→ **The data**
[Start of Attachment]
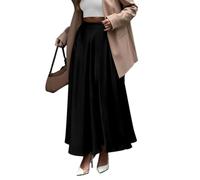 EMOTTOS Jupe en Satin pour Femme, Jupe Noire Unie, Taille élastiquée, Décontractée Et Confortable pour L'été, Noir M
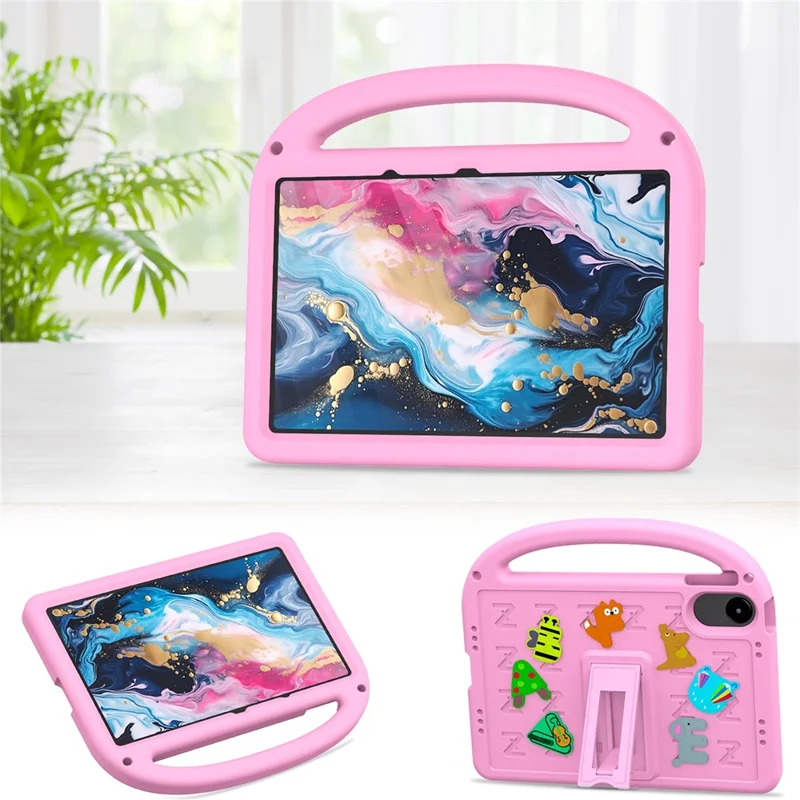 For Xiaomi Redmi Pad 2 11 Kickstand Case Cartoon Design Anti-Drop EVA+PC Tablet Cover with Strap for Kids - Pink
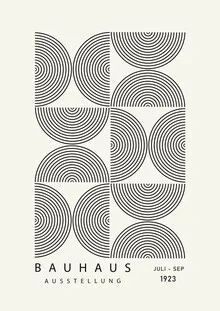 Wall art featuring a minimalist design in black and beige, inspired by Bauhaus style.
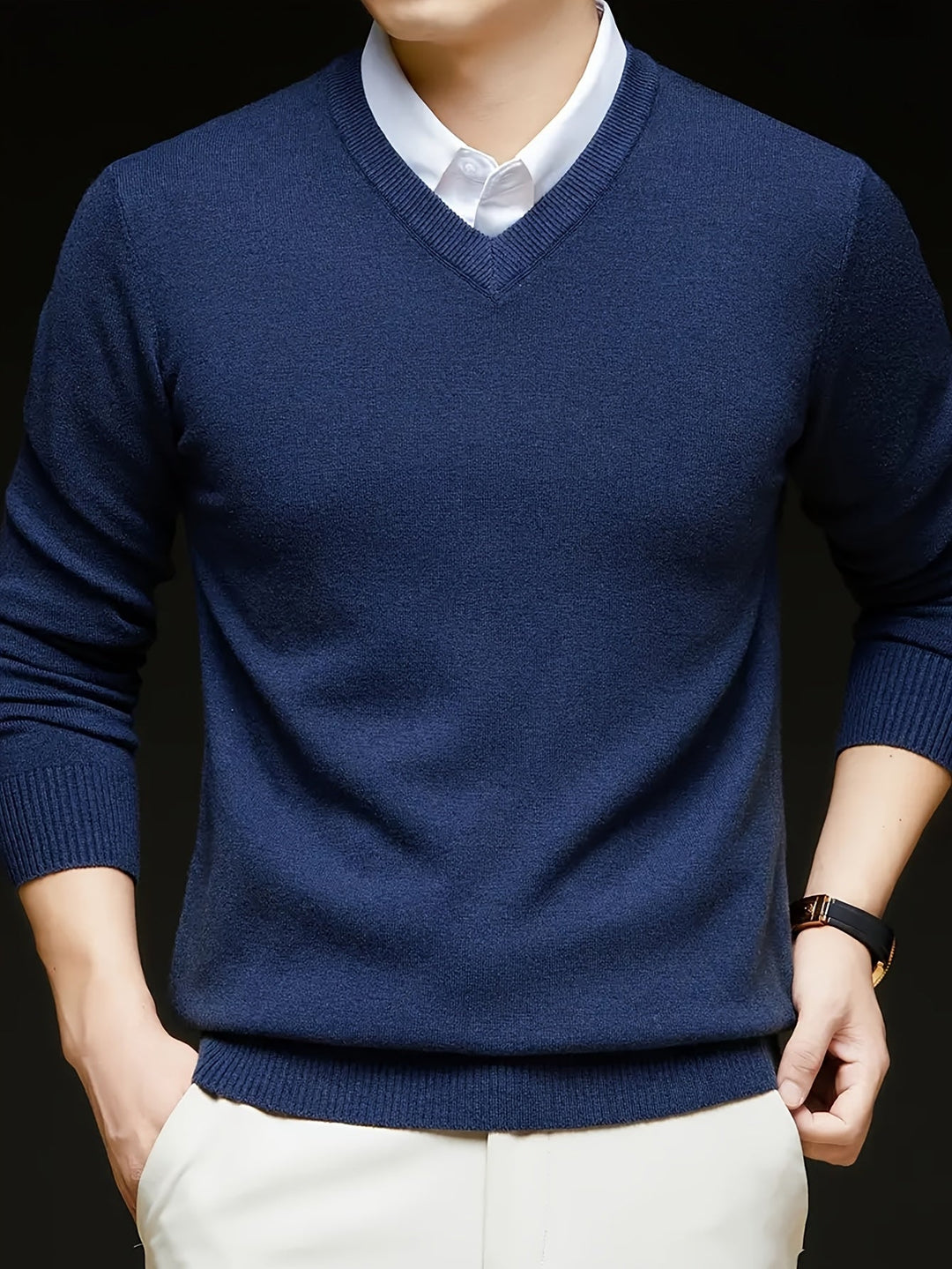 Dionysis – „Cross Border“ Strickpullover mit V-Ausschnitt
[End of Attachment]
Would you restate the listing word for word and leave every picture out?

 EMOTTOS Jupe en Satin pour Femme, Jupe Noire Unie, Taille élastiquée, Décontractée Et Confortable pour L'été, Noir M
 For Xiaomi Redmi Pad 2 11 Kickstand Case Cartoon Design Anti-Drop EVA+PC Tablet Cover with Strap for Kids - Pink
 Wall art featuring a minimalist design in black and beige, inspired by Bauhaus style.
 Dionysis – „Cross Border“ Strickpullover mit V-Ausschnitt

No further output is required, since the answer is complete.